William L. Shelton
Professor Emeritus of Biology
Ph.D., University of Oklahoma
M.S., Oklahoma State University
B.A.., Oklahoma State University
My current research interests are in fish culture with particular emphasis on reproductive biology. Long-term international collaborative studies have been a particularly important component of my activities. Management of reproduction is vital to aquaculture, as many fishes of economic importance do not reproduce away from their natural habitat, therefore, spawning must be accomplished through induced means. A related consideration for some fishes is that reproduction may be unwanted or recruitment excessive, and therefore control is desirable. Examples include introduction of exotic species where prevention of naturalization is required or where recruitment of an otherwise viable culture species adversely affects individual growth.
These various problems have been addressed through hormone-induced spawning, steroid- induced sex reversal, interspecific hybridization, and/or chromosome manipulation at fertilization.

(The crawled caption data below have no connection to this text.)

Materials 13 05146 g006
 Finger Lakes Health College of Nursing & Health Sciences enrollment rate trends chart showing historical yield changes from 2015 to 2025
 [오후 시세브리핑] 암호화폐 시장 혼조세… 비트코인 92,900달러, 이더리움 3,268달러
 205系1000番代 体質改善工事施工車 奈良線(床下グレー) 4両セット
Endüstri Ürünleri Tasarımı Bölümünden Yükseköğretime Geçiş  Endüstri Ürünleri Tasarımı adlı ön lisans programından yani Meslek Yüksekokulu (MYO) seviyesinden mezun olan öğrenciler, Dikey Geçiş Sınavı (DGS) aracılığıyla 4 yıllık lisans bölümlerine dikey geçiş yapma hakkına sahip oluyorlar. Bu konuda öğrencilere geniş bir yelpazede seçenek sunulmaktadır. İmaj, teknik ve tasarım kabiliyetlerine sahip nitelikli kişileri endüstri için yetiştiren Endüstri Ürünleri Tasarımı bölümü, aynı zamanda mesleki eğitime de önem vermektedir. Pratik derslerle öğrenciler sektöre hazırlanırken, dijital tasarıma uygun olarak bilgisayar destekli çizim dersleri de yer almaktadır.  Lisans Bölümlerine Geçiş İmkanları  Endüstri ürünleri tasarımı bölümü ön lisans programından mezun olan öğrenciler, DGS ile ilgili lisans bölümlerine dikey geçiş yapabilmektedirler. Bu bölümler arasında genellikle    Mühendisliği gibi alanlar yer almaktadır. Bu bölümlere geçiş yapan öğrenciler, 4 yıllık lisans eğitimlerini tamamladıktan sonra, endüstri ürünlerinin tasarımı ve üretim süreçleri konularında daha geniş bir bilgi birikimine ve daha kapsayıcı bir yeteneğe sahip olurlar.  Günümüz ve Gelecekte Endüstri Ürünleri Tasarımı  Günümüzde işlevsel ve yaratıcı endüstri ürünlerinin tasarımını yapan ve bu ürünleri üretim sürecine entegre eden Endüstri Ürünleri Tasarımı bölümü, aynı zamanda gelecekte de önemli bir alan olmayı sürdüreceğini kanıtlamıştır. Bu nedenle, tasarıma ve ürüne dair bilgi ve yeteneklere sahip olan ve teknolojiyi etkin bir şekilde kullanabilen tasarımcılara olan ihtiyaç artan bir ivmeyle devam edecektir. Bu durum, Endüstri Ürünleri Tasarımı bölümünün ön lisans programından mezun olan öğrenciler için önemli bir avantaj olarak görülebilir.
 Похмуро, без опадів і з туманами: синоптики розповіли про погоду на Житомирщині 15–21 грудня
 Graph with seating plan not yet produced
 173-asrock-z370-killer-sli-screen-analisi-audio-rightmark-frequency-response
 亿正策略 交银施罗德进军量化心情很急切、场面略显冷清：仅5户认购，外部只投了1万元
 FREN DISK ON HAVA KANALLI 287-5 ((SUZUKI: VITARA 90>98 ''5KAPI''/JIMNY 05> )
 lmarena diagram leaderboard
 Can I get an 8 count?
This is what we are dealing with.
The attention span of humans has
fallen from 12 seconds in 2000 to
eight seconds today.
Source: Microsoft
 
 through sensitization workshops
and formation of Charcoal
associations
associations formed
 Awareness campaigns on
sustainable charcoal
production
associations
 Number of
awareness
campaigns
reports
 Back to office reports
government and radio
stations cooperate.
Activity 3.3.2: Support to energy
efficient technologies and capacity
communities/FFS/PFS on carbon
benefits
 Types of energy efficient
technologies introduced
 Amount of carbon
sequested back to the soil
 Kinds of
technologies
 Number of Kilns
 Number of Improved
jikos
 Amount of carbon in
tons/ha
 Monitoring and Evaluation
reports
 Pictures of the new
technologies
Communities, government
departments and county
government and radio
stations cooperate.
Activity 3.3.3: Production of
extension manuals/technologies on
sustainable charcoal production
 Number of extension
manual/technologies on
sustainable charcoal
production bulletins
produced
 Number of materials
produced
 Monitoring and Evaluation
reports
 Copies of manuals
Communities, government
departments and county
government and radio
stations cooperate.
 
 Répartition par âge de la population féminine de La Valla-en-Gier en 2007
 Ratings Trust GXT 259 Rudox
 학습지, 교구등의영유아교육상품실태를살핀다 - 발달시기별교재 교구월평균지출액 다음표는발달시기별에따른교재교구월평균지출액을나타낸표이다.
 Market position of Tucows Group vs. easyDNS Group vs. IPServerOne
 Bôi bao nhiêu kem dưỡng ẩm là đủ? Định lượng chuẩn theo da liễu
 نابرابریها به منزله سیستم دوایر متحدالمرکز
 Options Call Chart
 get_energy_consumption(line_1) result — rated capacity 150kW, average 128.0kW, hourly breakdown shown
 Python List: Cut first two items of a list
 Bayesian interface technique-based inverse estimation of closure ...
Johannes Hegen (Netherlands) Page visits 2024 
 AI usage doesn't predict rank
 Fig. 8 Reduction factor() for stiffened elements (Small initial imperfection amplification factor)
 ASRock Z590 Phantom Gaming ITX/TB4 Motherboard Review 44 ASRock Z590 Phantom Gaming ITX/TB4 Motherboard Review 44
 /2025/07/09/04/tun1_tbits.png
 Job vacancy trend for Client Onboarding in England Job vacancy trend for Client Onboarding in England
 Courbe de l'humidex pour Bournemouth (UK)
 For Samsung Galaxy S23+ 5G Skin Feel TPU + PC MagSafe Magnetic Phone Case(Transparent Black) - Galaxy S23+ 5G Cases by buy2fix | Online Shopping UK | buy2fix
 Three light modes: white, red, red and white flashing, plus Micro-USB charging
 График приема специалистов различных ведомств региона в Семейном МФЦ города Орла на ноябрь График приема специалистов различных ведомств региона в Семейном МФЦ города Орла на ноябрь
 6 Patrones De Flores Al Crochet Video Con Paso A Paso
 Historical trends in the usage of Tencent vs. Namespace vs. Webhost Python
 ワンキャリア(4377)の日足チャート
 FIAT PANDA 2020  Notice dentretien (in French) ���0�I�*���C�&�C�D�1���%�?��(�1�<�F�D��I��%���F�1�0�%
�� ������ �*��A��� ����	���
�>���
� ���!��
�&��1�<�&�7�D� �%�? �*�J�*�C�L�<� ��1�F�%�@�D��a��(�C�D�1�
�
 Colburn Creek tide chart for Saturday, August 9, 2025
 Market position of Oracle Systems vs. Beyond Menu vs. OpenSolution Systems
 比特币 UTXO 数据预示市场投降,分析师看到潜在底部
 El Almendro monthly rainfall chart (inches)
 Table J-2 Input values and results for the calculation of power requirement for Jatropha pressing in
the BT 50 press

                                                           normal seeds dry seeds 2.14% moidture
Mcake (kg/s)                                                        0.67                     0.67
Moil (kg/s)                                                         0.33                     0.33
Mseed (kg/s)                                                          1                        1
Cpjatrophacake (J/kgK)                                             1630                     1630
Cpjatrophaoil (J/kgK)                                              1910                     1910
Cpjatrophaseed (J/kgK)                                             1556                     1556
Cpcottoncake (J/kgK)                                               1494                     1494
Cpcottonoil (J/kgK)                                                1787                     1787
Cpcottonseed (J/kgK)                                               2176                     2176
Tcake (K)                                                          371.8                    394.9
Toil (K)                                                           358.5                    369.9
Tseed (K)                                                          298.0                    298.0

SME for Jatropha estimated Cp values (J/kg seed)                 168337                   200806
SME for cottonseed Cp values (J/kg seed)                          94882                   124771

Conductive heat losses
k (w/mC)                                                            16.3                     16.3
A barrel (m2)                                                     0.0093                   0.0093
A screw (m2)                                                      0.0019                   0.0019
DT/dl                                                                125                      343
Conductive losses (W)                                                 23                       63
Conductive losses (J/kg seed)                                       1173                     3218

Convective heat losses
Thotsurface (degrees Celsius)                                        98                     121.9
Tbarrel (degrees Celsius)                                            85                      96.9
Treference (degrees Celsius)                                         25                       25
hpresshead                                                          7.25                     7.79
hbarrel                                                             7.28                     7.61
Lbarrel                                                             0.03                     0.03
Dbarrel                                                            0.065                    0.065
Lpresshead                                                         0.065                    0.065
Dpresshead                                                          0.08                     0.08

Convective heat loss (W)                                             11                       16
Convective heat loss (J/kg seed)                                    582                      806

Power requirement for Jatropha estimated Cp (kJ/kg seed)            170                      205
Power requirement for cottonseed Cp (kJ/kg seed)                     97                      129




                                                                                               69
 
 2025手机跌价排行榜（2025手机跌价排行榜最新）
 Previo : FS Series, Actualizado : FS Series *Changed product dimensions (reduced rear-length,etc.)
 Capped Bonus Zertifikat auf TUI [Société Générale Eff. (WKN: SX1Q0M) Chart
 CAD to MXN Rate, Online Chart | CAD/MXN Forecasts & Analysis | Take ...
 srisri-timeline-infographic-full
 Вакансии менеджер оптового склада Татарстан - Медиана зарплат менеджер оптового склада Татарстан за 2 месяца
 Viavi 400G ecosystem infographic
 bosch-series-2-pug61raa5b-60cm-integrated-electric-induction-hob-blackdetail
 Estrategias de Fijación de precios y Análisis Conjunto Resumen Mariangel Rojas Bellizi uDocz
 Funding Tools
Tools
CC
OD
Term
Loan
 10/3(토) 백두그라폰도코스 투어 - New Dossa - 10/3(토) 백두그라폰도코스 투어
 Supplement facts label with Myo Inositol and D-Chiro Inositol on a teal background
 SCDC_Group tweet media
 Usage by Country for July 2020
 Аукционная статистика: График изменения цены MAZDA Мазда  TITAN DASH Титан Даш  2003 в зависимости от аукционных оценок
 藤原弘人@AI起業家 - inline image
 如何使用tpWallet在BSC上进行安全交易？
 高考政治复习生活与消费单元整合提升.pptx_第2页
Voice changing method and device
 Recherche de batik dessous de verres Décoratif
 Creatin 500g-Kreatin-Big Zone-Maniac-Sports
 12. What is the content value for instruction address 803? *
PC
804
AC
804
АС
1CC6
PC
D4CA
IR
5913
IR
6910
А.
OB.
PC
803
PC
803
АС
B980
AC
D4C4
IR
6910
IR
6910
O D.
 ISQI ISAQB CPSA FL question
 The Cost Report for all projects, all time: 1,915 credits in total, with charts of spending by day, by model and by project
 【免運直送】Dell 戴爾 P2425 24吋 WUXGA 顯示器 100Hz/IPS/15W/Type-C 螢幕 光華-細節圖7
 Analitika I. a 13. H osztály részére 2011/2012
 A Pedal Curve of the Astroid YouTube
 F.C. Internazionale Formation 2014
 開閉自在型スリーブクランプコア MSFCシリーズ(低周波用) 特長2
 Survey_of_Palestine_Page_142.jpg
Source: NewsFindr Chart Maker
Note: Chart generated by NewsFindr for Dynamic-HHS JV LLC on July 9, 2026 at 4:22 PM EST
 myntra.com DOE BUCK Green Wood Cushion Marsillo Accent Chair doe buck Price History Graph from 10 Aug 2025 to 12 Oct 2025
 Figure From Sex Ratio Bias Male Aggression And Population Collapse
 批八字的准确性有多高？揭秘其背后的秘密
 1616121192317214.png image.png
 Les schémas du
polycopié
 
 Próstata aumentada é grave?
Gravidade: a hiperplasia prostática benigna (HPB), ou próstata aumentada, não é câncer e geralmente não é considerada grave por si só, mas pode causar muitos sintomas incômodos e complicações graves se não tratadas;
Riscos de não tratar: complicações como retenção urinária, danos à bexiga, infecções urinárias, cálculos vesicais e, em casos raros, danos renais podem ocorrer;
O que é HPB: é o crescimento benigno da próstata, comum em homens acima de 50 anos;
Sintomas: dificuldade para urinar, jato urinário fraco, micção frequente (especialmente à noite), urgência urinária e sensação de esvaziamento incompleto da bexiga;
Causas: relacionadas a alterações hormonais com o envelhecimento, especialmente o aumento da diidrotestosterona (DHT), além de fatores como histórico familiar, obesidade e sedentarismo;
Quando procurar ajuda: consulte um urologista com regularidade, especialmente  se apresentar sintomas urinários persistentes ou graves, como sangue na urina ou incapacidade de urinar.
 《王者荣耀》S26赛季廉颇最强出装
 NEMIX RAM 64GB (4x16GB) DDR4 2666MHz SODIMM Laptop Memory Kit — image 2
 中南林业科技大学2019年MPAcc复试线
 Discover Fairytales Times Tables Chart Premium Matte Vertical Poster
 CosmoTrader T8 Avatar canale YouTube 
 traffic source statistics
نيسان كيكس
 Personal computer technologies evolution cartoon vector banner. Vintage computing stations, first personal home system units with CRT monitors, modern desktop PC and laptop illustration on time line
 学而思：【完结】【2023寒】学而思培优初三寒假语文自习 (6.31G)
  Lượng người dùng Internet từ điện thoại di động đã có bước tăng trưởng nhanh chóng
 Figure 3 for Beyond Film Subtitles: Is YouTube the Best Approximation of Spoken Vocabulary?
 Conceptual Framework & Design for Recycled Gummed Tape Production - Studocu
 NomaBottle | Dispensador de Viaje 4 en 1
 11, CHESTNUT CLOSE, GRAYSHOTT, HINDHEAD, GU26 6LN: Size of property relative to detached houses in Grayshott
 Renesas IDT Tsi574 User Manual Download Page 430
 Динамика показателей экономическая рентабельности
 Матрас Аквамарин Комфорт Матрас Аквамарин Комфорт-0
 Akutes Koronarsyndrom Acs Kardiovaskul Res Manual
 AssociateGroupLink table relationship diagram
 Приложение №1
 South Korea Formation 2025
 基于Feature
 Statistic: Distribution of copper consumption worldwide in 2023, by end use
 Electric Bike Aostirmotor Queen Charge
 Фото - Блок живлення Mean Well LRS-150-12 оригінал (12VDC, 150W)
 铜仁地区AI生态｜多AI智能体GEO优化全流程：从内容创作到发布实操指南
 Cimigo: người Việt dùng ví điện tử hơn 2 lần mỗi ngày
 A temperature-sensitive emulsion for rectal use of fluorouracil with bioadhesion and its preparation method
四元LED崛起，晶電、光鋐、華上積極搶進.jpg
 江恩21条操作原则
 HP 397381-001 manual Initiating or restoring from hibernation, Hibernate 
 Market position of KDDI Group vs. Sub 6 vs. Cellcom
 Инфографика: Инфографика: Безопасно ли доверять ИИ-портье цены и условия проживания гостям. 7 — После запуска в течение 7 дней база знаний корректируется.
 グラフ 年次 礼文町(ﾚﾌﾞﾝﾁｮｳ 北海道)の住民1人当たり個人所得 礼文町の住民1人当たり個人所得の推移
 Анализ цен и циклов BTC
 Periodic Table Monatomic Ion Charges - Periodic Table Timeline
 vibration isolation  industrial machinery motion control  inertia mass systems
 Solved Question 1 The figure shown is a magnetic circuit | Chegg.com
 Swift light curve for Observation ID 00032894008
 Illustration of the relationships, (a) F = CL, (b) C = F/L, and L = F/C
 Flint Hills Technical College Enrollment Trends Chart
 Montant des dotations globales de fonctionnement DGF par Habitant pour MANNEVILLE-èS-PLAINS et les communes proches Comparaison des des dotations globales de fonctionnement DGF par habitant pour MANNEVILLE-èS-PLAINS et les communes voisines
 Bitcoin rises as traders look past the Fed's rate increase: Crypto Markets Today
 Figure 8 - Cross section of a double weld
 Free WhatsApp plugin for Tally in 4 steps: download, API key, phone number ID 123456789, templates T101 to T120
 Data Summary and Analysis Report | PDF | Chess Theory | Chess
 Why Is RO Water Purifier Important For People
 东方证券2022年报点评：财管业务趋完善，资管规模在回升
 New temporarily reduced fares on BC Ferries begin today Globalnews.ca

These research activities have included four species of Chinese carps, several species of tilapia, and common carp, all of which are exotic fishes; native species have included striped bass, channel catfish, largemouth bass, paddlefish and sturgeon.
I have been active in more general fishery biology investigations, particularly reservoir and large river fisheries, including the evaluation of sampling techniques. Emphasis has been on predator/prey and growth relationships involving striped bass and largemouth bass with shads and bluegill.